Walo Lüönd was born on 13 April 1927 in Zug. After leaving school he first completed an apprenticeship as a gentlemen’s tailor before training as an actor. His big break came in 1970 with the role of Dällenbach Kari in the film of the same name. Many people remember Walo Lüönd from the film Die Schweizermacher (The Swissmakers), one of the most successful Swiss films of all time. In 2010 he appeared in the role of Feinstein the tailor in the movie Der grosse Kater (no official English title exists, but it translates to “The Big Cat”), which is based on the bestseller of the same name by Thomas Hürlimann. Walo Lüönd died in Locarno on 17 June 2012.


Adelheid Page-Schwerzmann

Adelheid Page-Schwerzmann, honorary citizen of Cham, was born on 20 August 1853 in Zug. She grew up as a half-orphan. Thanks to her unconventional marriage to George Page in 1875 she quickly climbed the social ladder. Adelheid Page was an important advisor to her husband and certainly herself influenced business decisions of the Anglo-Swiss Condensed Milk Co., of which her husband was the head. In addition, she campaigned strongly for social causes, especially dedicating herself to the fight against tuberculosis.

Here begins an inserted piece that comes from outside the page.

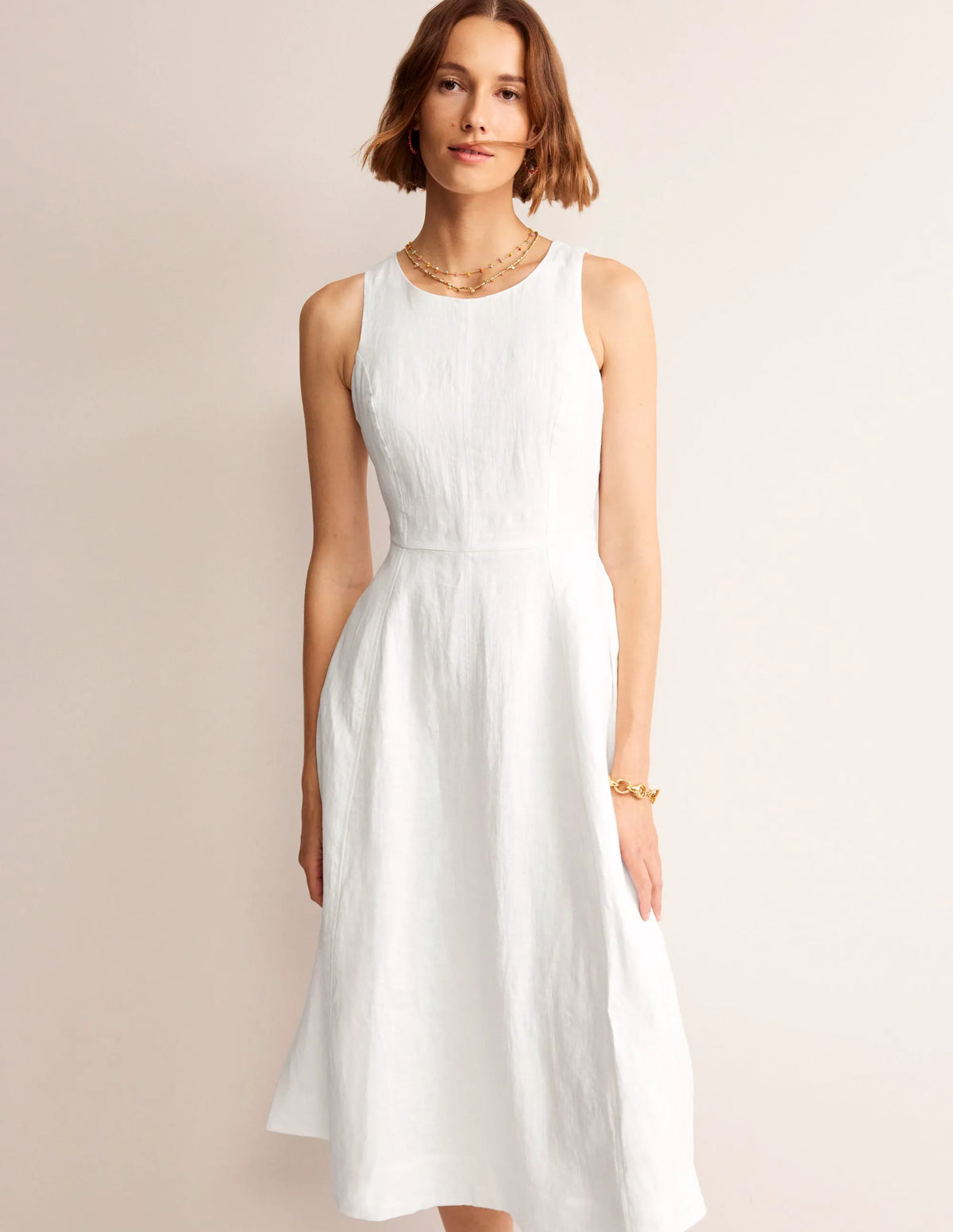 Carla Linen Midi Dress-White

Adelheid Page was a lady of the world”, travelled across Italy and France, took painting lessons and maintained contact with influential people from political and economic spheres – this at a time when the scope of life of many women was often limited to their homes and families. Adelheid Page died on 15 September 1925 in Cham. In memory of her charity there still exists an Adelheid-Page Strasse in Cham, an Adelheid-Page fountain in Unterägeri and an Adelheid Street Dixon in the state of Illinois, the home of her husband.